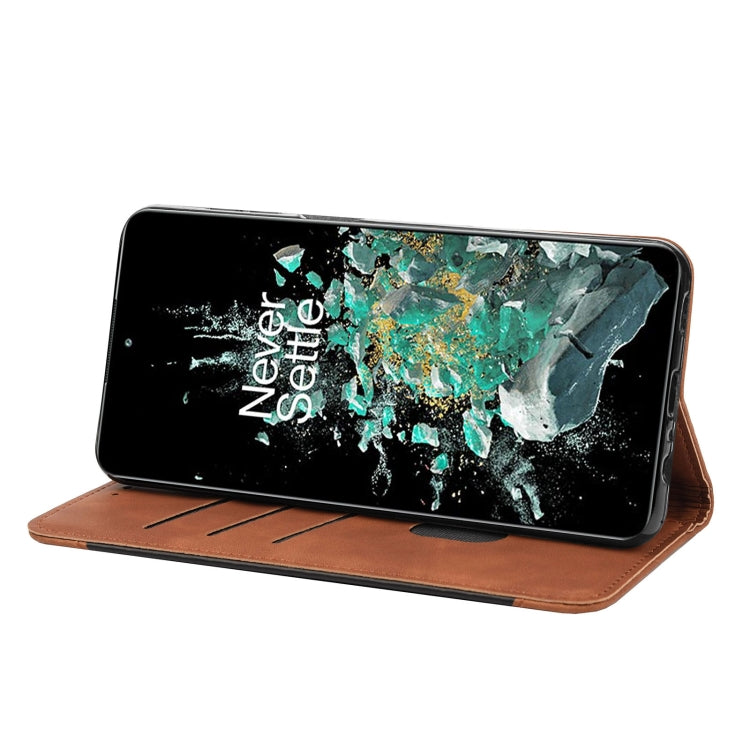 For OnePlus 10T Skin Feel Splicing Leather Phone Case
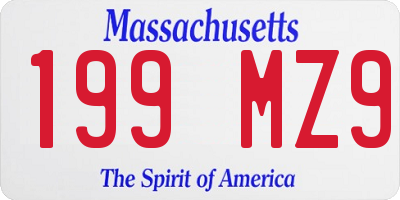 MA license plate 199MZ9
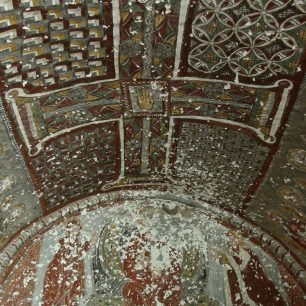 Jedna z víceméně zachovalých výzdob kostelíku v kaňonu Ihlara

┄┄┄┄┄┄┄┄┄┄┄┄┄┄┄┄┄┄┄┄

### WORK TASK
Exactly the lines from the one with "MA license plate 199MZ9" to the last line of the listing are wanted, both ends included and pictures excluded.

### REPLY TO THE TASK
 MA license plate 199MZ9
 Jedna z víceméně zachovalých výzdob kostelíku v kaňonu Ihlara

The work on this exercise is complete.